Methodik: PMN aus dem Blut polytraumatisierter Patienten (n=24, 12 mit und 12 ohne posttraumatische Sepsisentstehung innerhalb der ersten 10 Tage, ISS>16) wurden am Tag 1, 5 und 10 nach Trauma isoliert. Als Kontrollgruppe dienten gesunde Probanden (n=10). Die Expression der antiapoptotischen Faktoren Mcl-1 und A1 in PMN wurde auf mRNA Ebene sowie auf Proteinebene mittels Real-Time PCR und Western Blot untersucht. Für knock down Experimente wurden Patienten PMN (Tag 1 nach Trauma) bzw. HL-60 Zellen mit siRNA transfiziert. Die Apoptoserate wurde mittels Propidiumiodid Färbung der DNA und anschließender FACS Analyse quantifiziert. Zur Bestimmung des mitochondrialen Membranpotentials wurde die Emission des Farbstoffs JC-1 mittels FACS Analyse gemessen. Die Untersuchung der Caspase-Aktivitäten erfolgte unter Anwendung von Lumineszenz-Assays. Die Spaltung von Bid, als einem Target-Protein aktiver Initiator-Caspasen, wurde mittels Western Blot analysiert.

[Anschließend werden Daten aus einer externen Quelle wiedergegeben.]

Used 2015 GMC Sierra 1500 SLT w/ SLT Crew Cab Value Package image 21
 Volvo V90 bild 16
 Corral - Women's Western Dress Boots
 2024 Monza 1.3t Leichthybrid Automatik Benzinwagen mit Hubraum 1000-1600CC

Ergebnisse und Schlussfolgerungen: In dieser Arbeit konnte gezeigt werden, dass erhöhte Level an antiapoptotischen Mcl-1 und A1 Proteinen zu einer intrinsischen Apoptoseresistenz in PMN aus polytraumatisierten Patienten mit unkompliziertem Verlauf nach Trauma führt. Interessanterweise konnte in PMN aus septischen Patienten eine signifikante Abnahme der A1 (Tag 5 und 10 nach Trauma) sowie Mcl-1 (Tag 10 nach Trauma) Proteinexpression beobachtet werden, im Vergleich zu den Expressionsleveln in PMN der nichtseptischen Gruppe. Diese Abnahme war ferner mit einer verminderten intrinsischen Apoptoseresistenz assoziiert. Gleichzeitig konnte gezeigt werden, dass die reduzierte Apoptoserate in PMN aus septischen Patienten auf einen gestörten extrinsischen Apoptosesignalweg zurückzuführen ist, gekennzeichnet durch eine reduzierte Caspase-8 Aktivität sowie eine verminderte Spaltung des proapoptotischen Proteins Bid in diesen Zellen.

Die Apoptose in PMN unterliegt intrinsischen als auch extrinsischen Regulationsmechanismen in Abhängigkeit vom Patientenoutcome. Die Erkenntnisse aus dieser Studie könnten als Ansatz für neue PMN-gerichtete Therapien unter pathologischen Bedingungen dienen.